▸ Task objective:
Beginning at the line containing "There's a question", repeat each line below exactly up to and including the line containing "Visit www.geoarm.com or". Do not repeat the pictures.

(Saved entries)
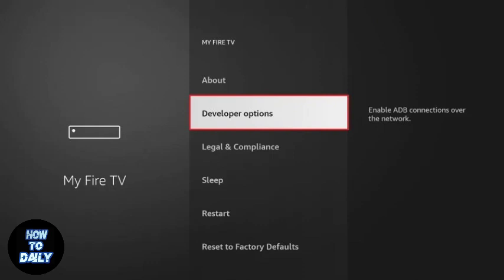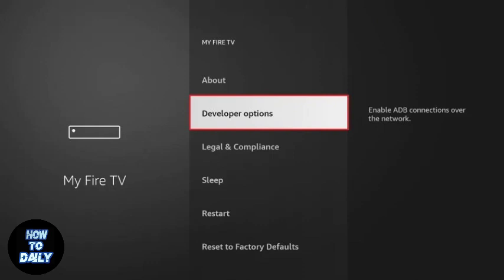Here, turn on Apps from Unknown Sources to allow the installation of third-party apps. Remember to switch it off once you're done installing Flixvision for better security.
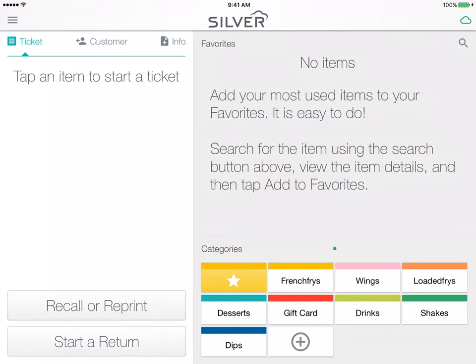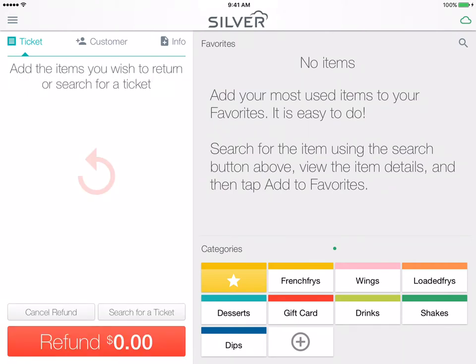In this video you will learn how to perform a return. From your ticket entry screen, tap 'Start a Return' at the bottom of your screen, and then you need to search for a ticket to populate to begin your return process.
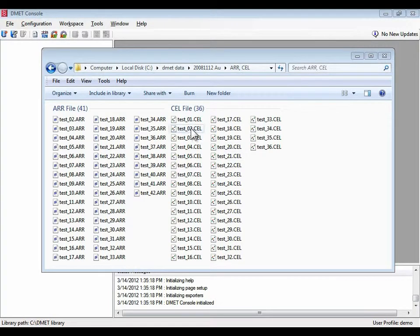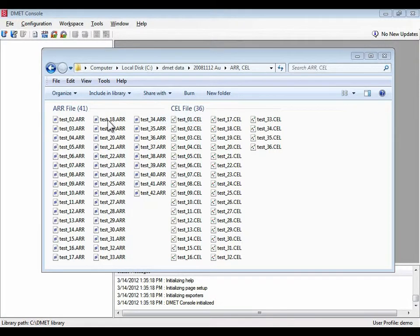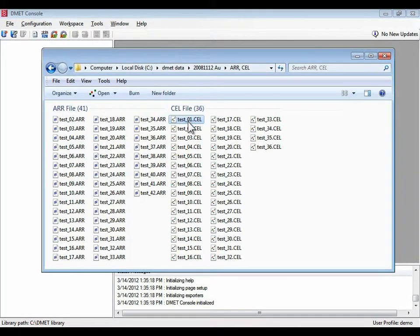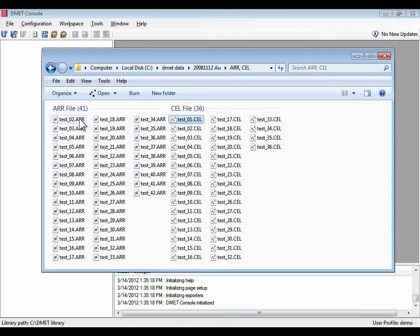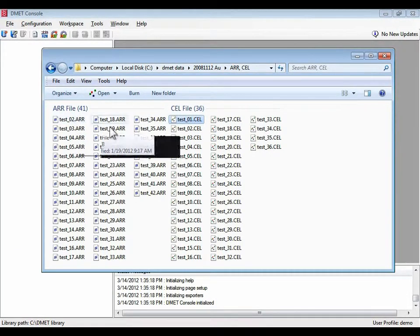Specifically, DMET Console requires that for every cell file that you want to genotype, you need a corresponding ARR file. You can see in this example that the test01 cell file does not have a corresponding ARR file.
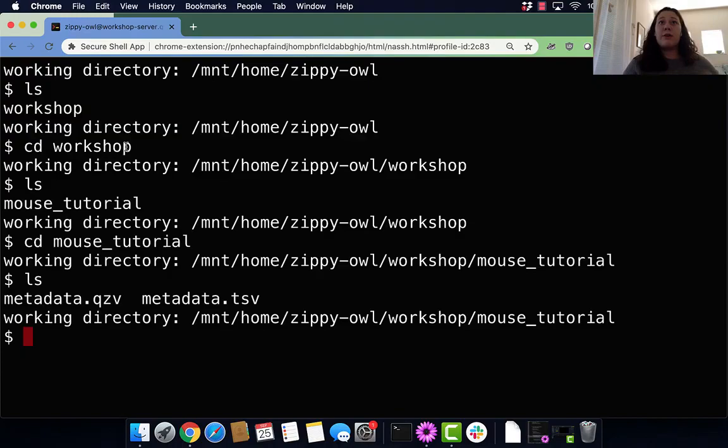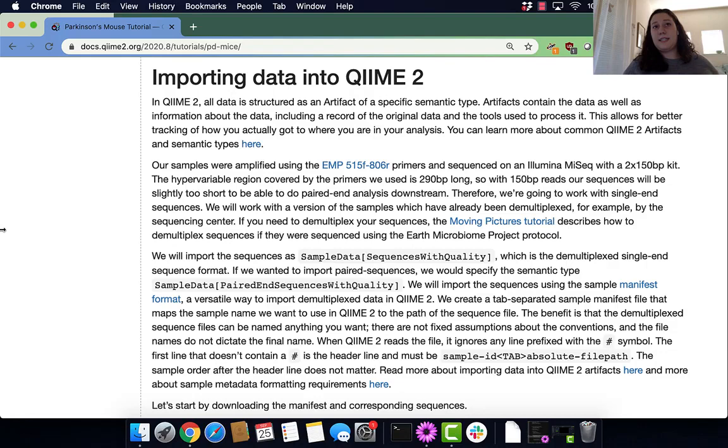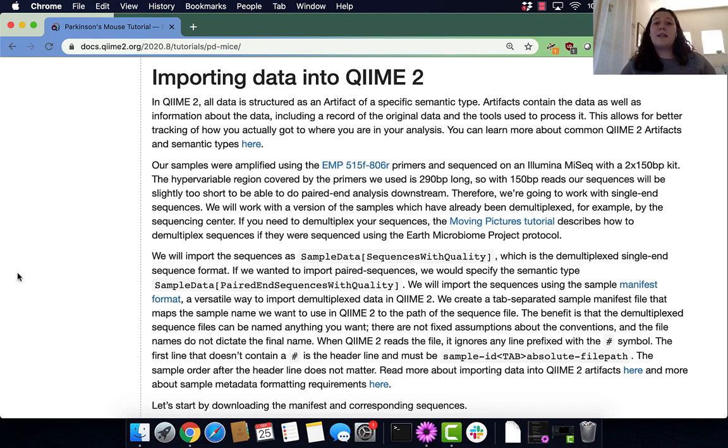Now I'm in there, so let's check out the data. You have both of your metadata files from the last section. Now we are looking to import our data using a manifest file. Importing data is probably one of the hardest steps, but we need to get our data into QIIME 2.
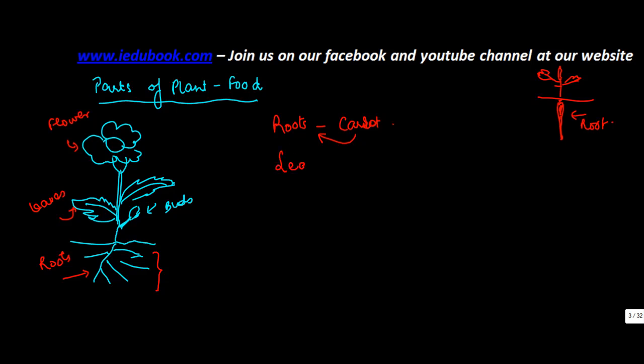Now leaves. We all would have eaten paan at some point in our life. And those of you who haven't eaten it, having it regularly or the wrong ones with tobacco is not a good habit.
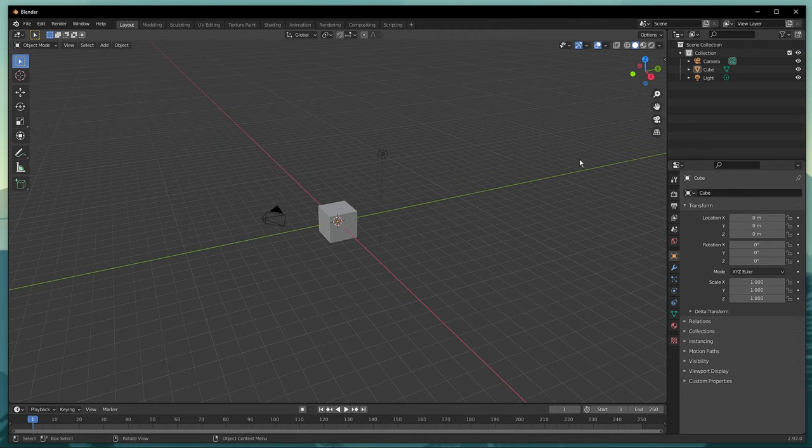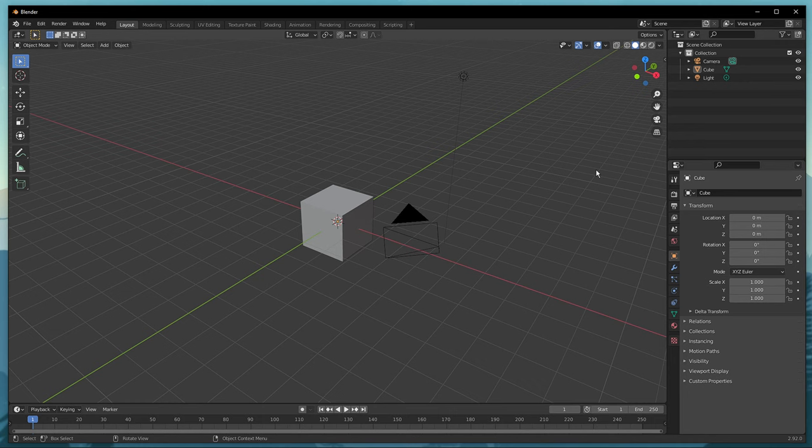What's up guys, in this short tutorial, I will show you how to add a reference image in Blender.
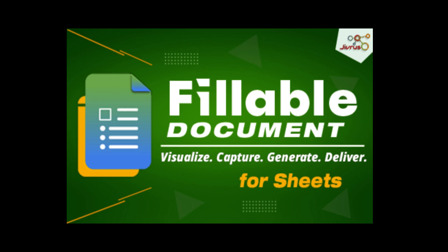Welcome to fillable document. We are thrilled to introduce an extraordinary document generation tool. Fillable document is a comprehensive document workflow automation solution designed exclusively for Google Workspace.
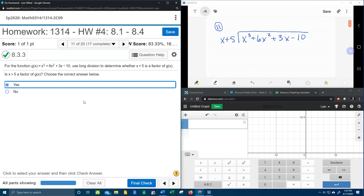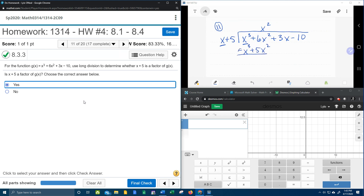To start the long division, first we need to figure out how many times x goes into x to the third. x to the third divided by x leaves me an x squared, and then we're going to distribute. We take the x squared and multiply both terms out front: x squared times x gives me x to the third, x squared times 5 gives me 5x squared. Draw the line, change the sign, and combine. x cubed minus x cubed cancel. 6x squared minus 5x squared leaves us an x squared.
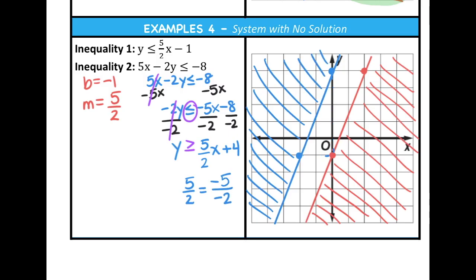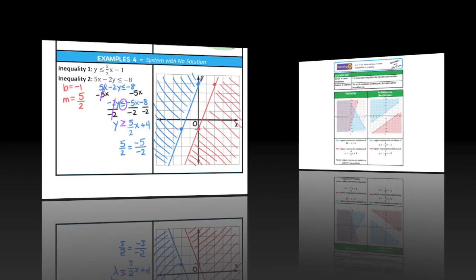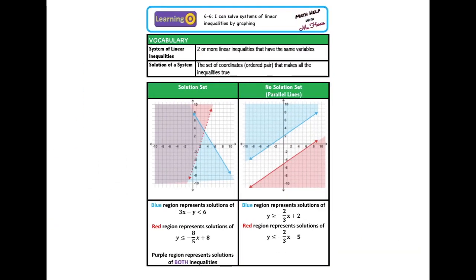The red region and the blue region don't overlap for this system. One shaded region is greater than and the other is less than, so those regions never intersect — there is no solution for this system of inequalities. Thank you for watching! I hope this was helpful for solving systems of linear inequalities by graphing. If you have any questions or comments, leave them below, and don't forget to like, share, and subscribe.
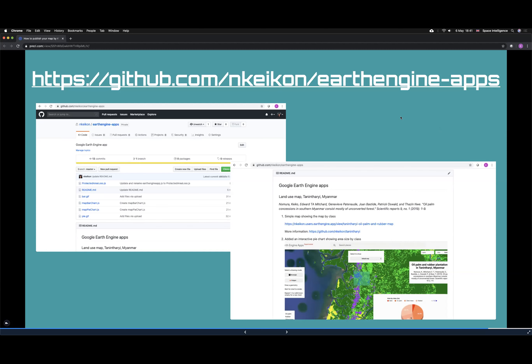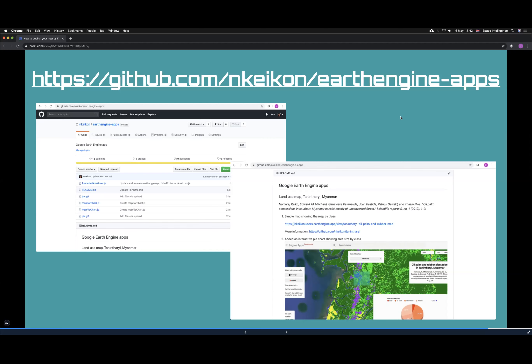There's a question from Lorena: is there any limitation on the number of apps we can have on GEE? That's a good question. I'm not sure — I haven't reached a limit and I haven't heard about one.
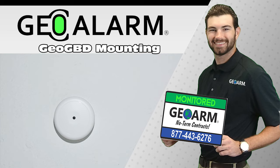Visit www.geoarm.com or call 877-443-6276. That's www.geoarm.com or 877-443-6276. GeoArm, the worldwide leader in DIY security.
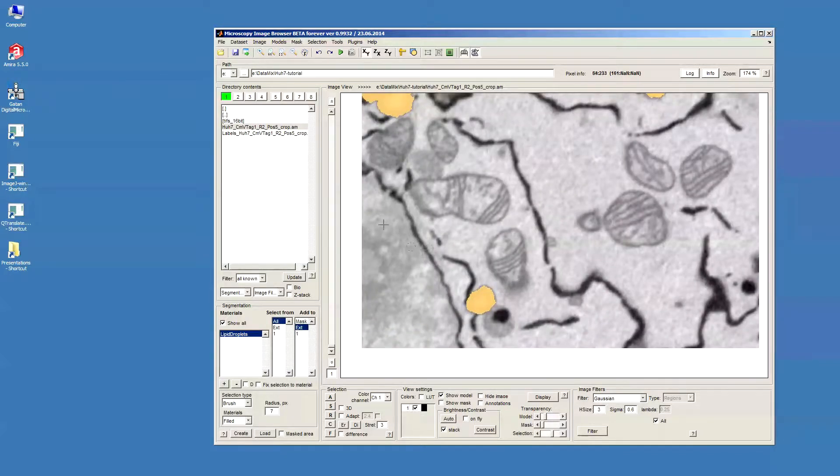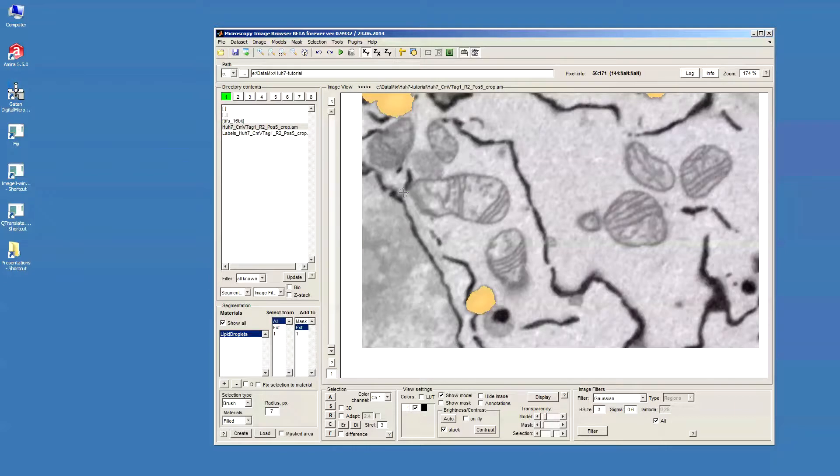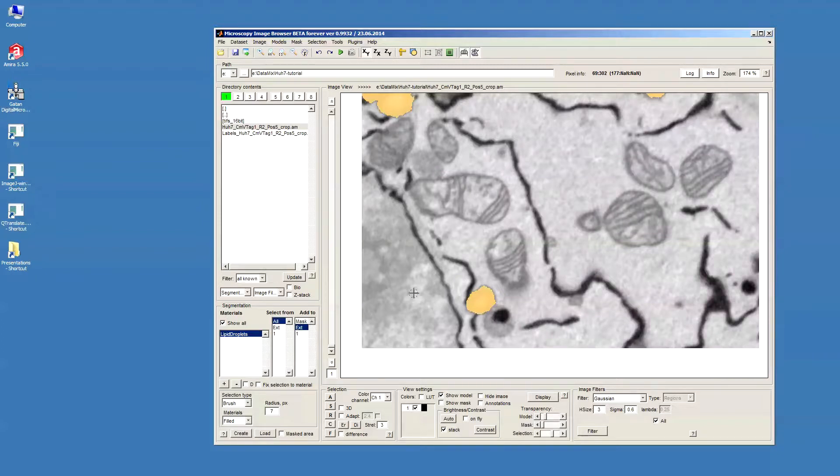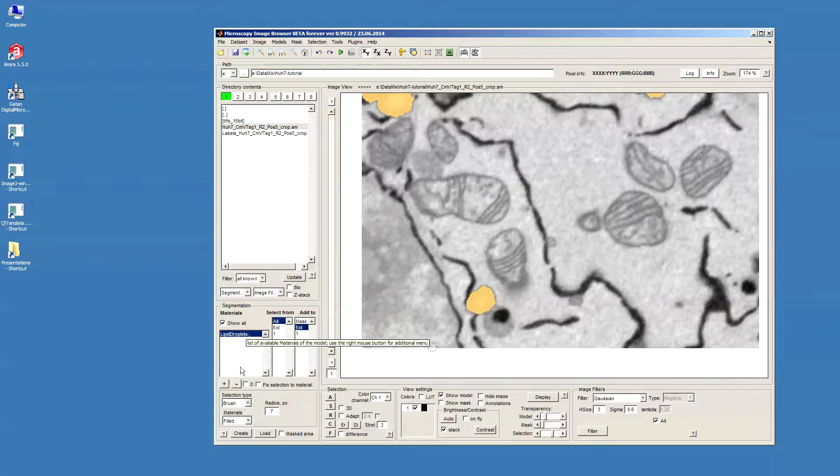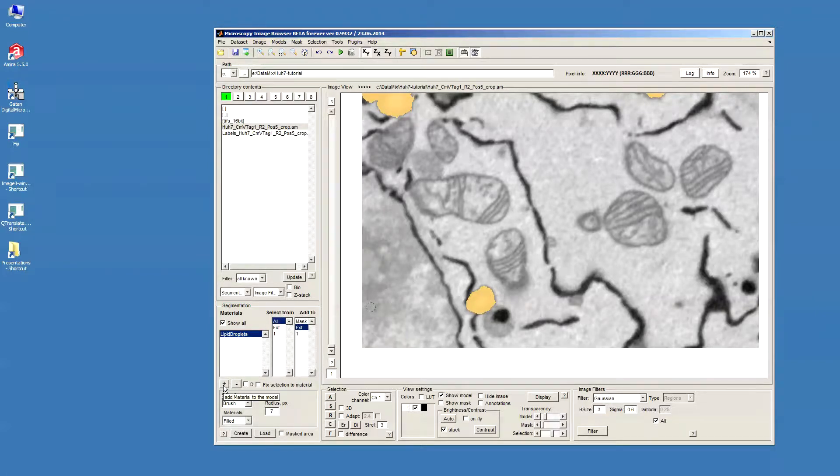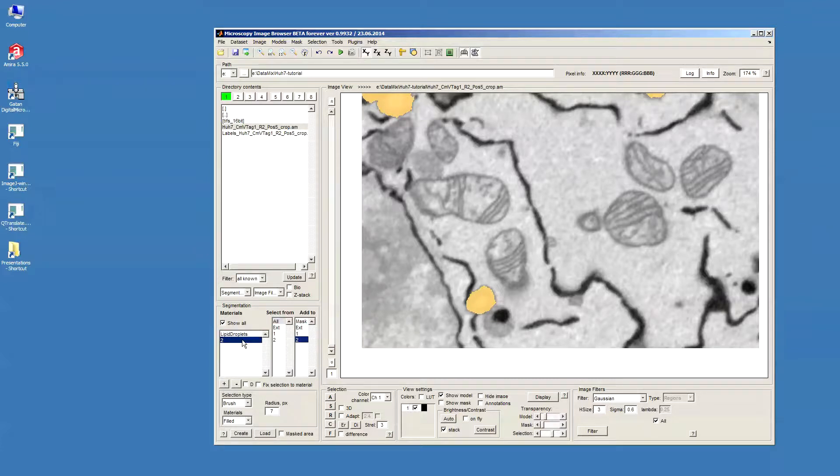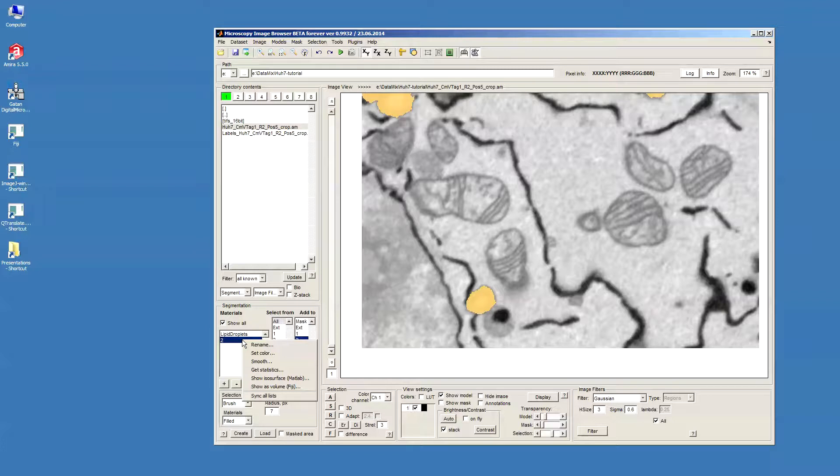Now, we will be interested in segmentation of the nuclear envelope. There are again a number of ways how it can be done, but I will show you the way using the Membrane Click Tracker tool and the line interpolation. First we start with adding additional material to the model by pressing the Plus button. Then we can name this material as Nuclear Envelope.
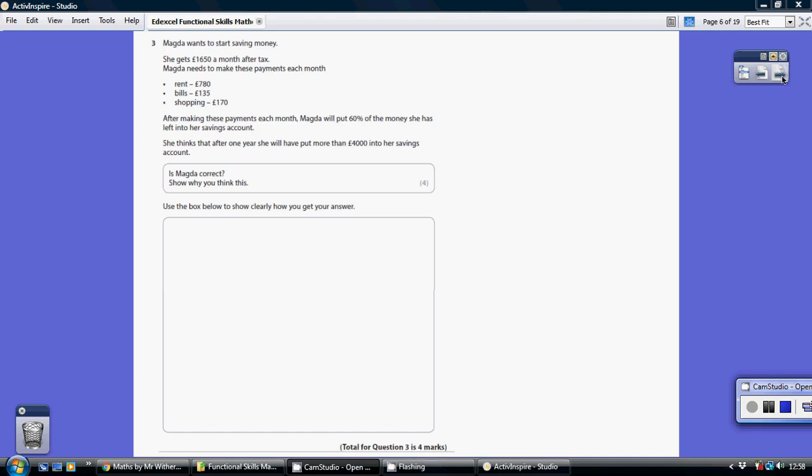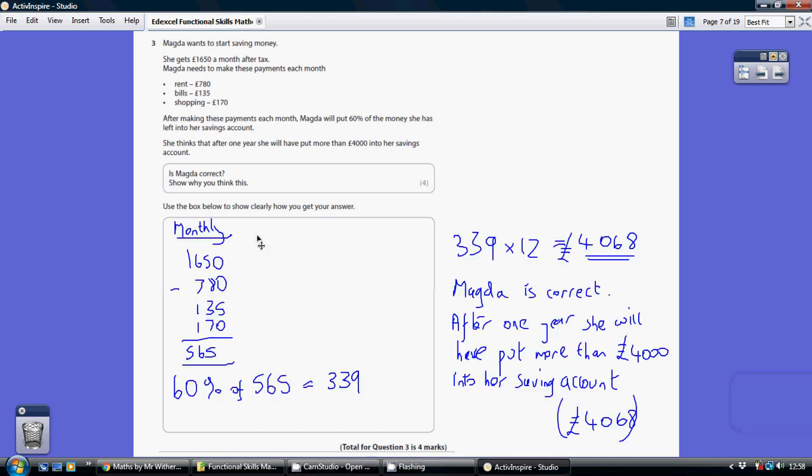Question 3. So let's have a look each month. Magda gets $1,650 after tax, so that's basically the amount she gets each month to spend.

▸ Completed task:
There's a question from Lorena: is there any limitation on the number of apps we can have on GEE? That's a good question. I'm not sure — I haven't reached a limit and I haven't heard about one.
Visit www.geoarm.com or call 877-443-6276. That's www.geoarm.com or 877-443-6276. GeoArm, the worldwide leader in DIY security.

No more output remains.